> _Problem details_
Every record below must be written out exactly. Leave out the pictures.

> _Material to process_
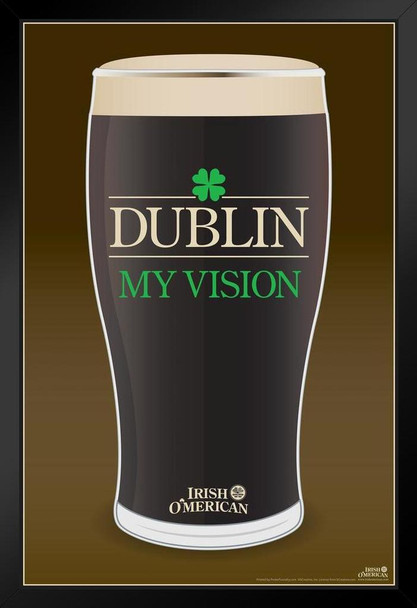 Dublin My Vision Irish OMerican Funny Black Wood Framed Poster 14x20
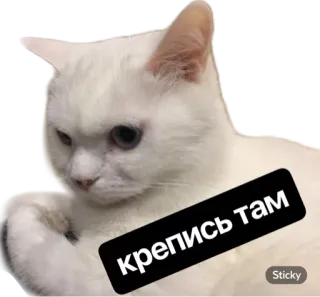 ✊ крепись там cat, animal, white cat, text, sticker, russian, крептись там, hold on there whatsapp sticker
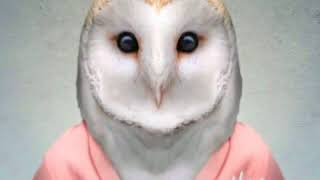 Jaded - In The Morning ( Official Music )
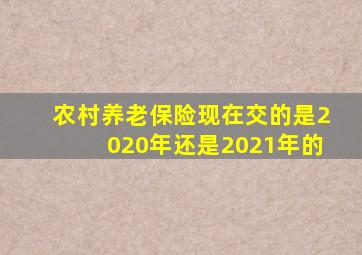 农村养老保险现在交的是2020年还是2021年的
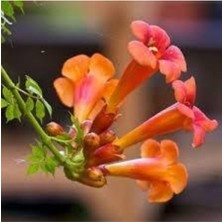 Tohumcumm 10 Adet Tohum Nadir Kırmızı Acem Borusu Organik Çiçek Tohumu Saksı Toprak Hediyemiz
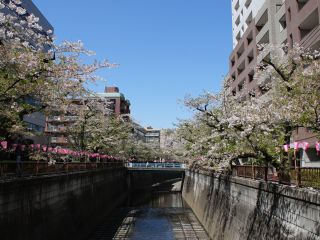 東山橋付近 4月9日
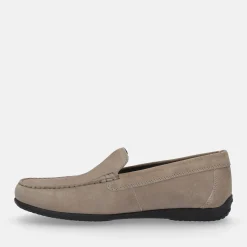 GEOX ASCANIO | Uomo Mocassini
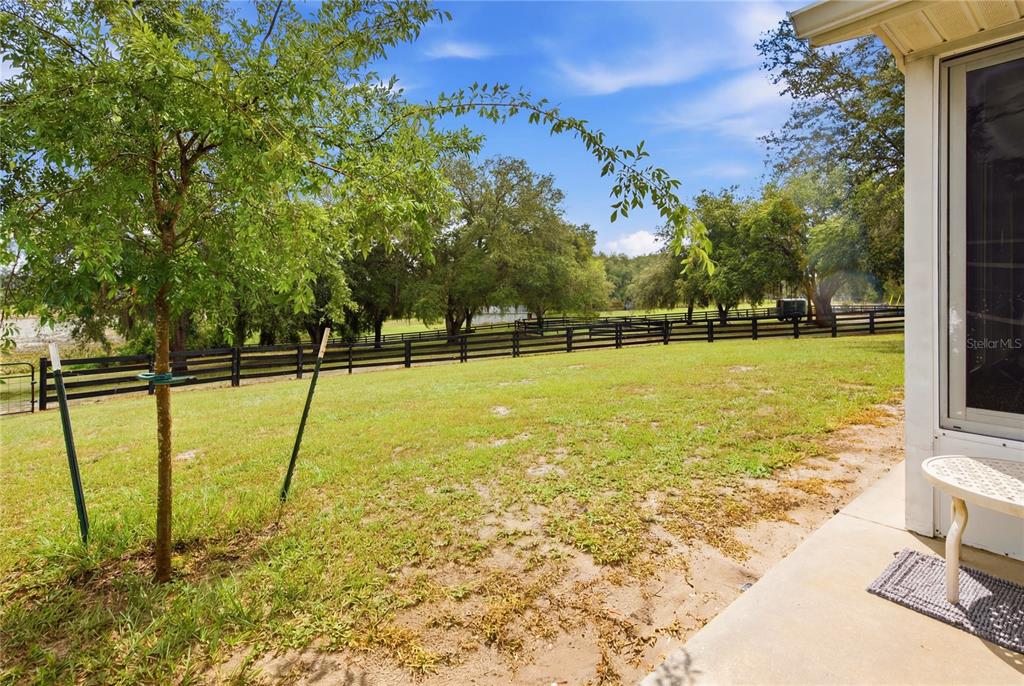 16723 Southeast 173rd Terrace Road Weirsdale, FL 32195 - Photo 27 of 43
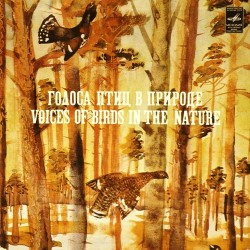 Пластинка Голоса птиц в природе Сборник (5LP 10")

> _Result_
 Dublin My Vision Irish OMerican Funny Black Wood Framed Poster 14x20
 ✊ крепись там cat, animal, white cat, text, sticker, russian, крептись там, hold on there whatsapp sticker
 Jaded - In The Morning ( Official Music )
 农村养老保险现在交的是2020年还是2021年的
 Tohumcumm 10 Adet Tohum Nadir Kırmızı Acem Borusu Organik Çiçek Tohumu Saksı Toprak Hediyemiz
 東山橋付近 4月9日
 GEOX ASCANIO | Uomo Mocassini
 16723 Southeast 173rd Terrace Road Weirsdale, FL 32195 - Photo 27 of 43
 Пластинка Голоса птиц в природе Сборник (5LP 10")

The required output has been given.